Based on our experience we have found there are several land mines that you need to be aware of when evaluating your Application Deployment (or Application Release Automation/ARA) tools. As a Senior Principal Architect of a large midwestern bank, I had the opportunity to evaluate XL Deploy and other tools. Some of the key differences and important design considerations that we found were as follows:
- Are you planning on implementing the DevOps best practice of treating Configuration as Code? If yes, then do you prefer the approach of copying configurations from one environment to another or would you prefer to define the configuration required independent of the target?
XL Deploy helps you define your deployable CIs independent of the target when possible. In this way, you can always discover, compare, report and apply versioned configurations across your deployment pipeline.
- Will the tool’s reporting support continuous improvement?
You should evaluate the reporting capabilities carefully. Having useful reporting is critical to any continuous improvement process.
- What is the future of the tool?
Will you need to rebuild your entire CD environment in 6 months?
- How hard will it be to manage workflows?
Other tools use workflows. We know that workflows are problematic and an approach that is not scalable. XebiaLabs has a white paper explaining why Workflows are not a suitable solution. XL Deploy uses a model-based approach to define your application deployment process. Since XL Deploy uses a model it can more efficiently deploy only the application components that need to be changed.
- Will OS level patching cause agent problems?

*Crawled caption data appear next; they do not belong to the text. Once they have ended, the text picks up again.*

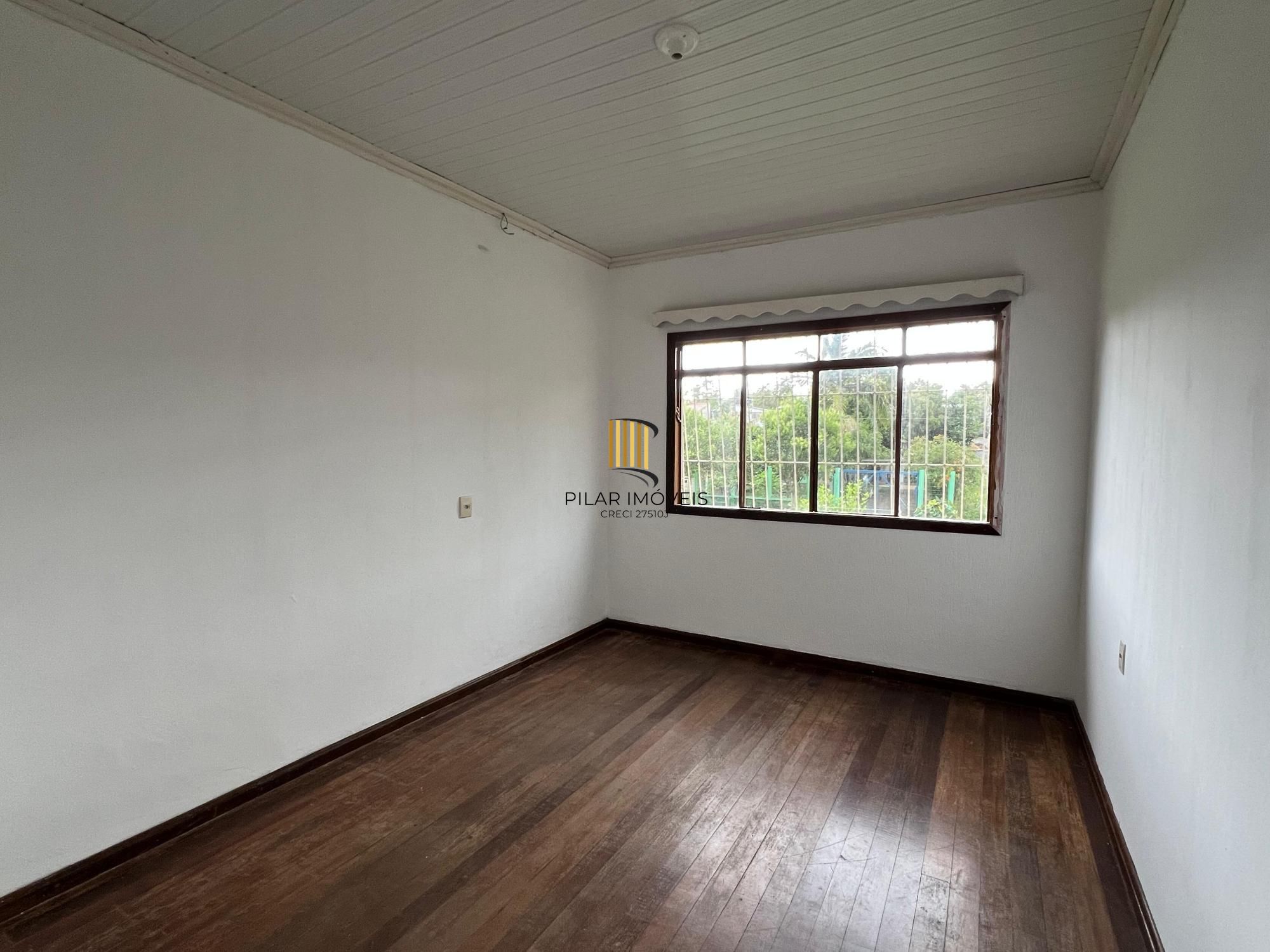 Chácara a venda com casa de 170 m2, terreno com 968 m2 em  Nova Santa Rita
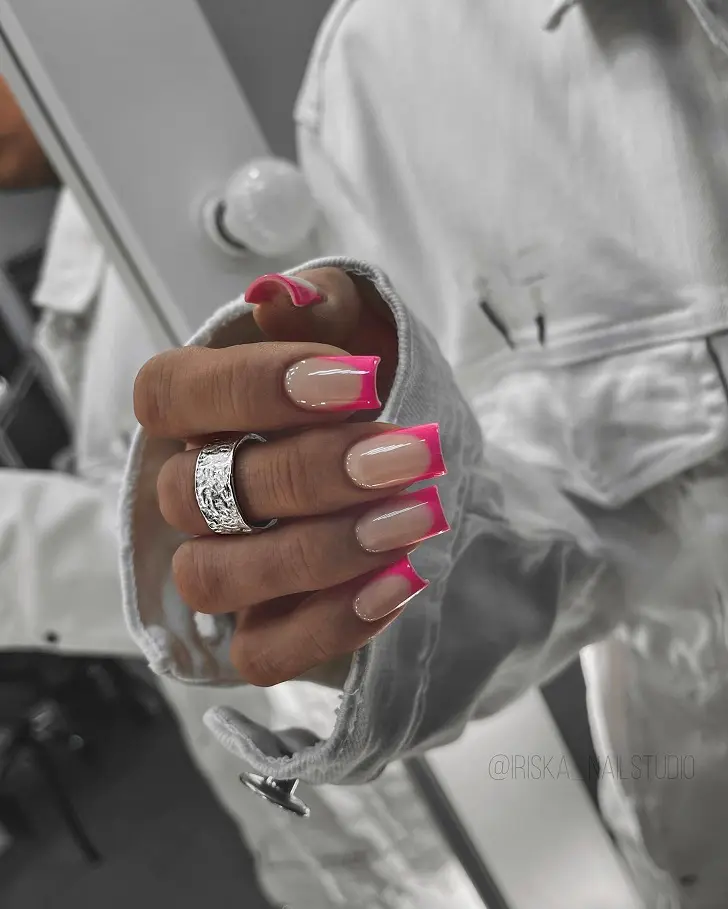 Яркий розовый френч на квадратных ногтях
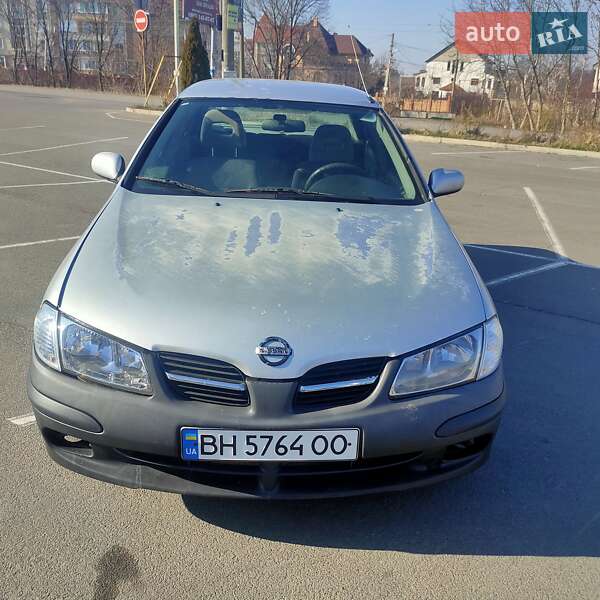 Nissan Almera 2001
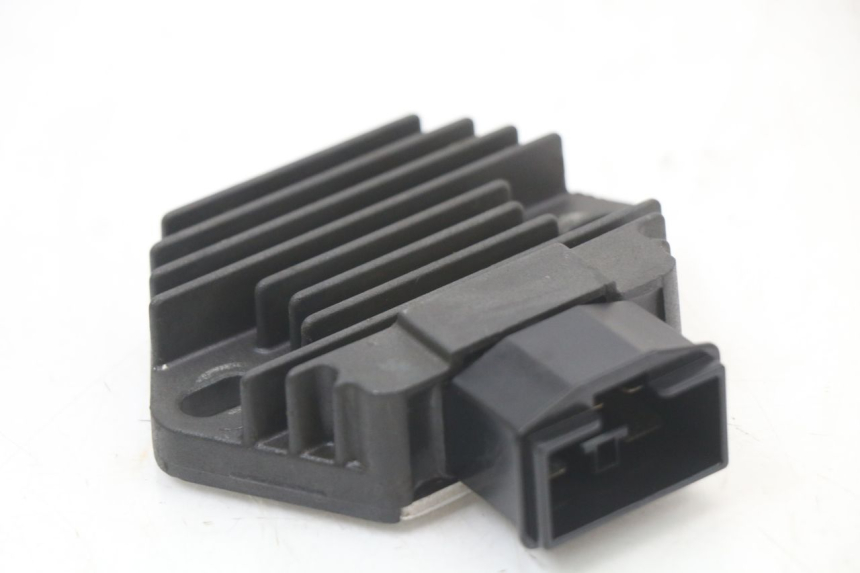 photo de REGULADOR DE CARGA HONDA FES PANTHEON 2T 125 (1998 - 2002) - Detalle de la pieza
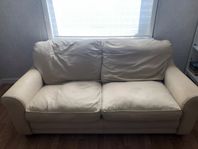Beige tvåsitssoffa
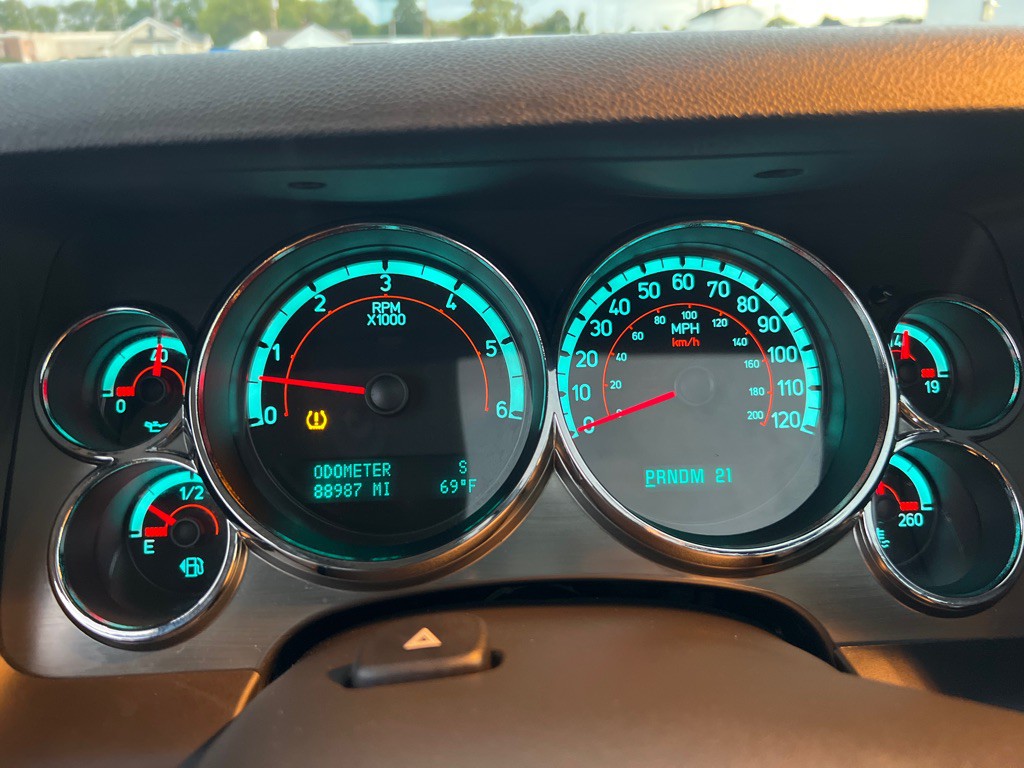 2009 HUMMER H2 Image 35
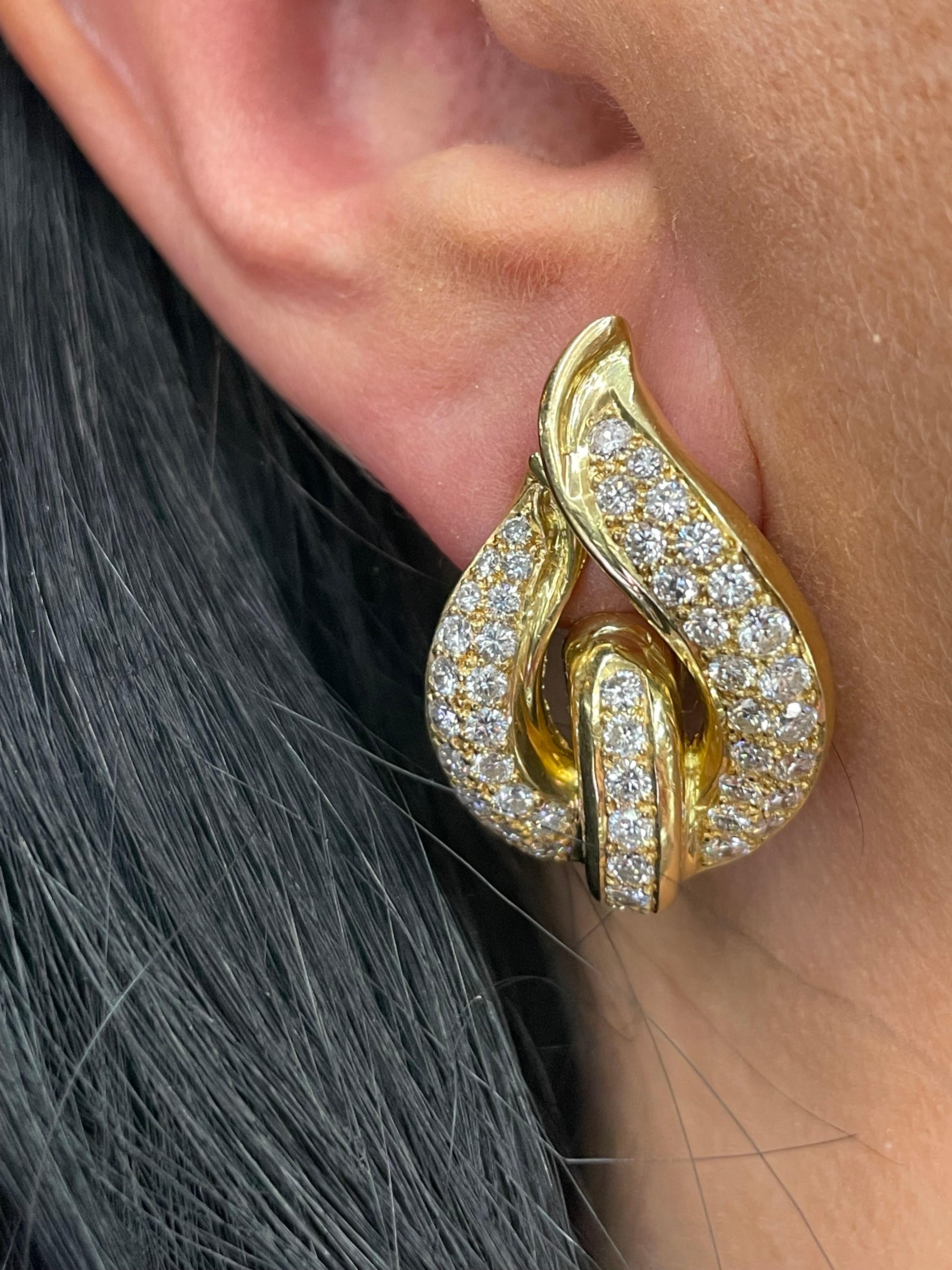 Women's Vintage 18 Karat Yellow Gold Flame Motif Earrings 4 Carats G-H VS2-SI1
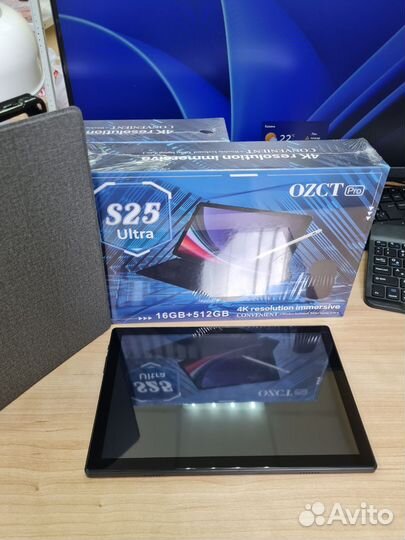 Планшет новый с клавиатурой и мышкой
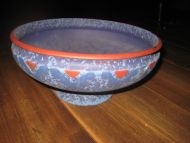 Pen skål med stett ca 25 cm i diameter ca 13 cm høg Pen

Since XL Deploy does not have agents, there is nothing to patch on your target servers. It is less likely that an OS patch on your target servers will break you CD process.
- Do you want an agent on your target servers?
XL Deploy is agentless, we use the same methods you currently use to log on to your servers to deploy your configuration items. We don’t require additional software. Since XL Deploy uses the same methods that you would use to install your CIs manually, you don’t need to install any additional code. XebiaLabs also has a white paper describing why agents are not an ideal approach.
- How much Network Traffic will be driven by the agent?
Agents can consume a lot of network traffic calling home to the master server.
- How well will the tool integrate with the rest of your environment?
Large software organizations try to lock you into their solutions. Therefore, you may experience problems trying to integrate with other tools. If you are looking for “best of breed” solutions some tools are going to have problems keeping up with your integration points.
- Are you comfortable with tool “magic”?
With XL Deploy, you can see our deployment scripts that will be used during a deployment. If you don’t like our approach you can override our behavior. Transparency is a better approach (see my blog post “Transparency In Your App Deployment Tools Is A Good Thing”). XebiaLabs is much more agile than large organizations and can quickly extend our product to support your needs. Furthermore, there is an active community and plenty of examples to guide users on how to customize XL Deploy.
- Is the level of complexity of the tool worth the effort?
Because some vendors try to wedge their tool into a broader suite of tools, the level of complexity will go up. We believe the better approach is to choose tools with open APIs that solve delivery challenges across all of your tools.
- Do you want to use an app deployment tool that has weak support for state of the art CI tools like Jenkins, Bamboo or TFS?
Integrating Jenkins with some tools is awkward and involves using workflows that inject an unbelievable amount of complexity into a task. Integrating with XL Deploy is simple.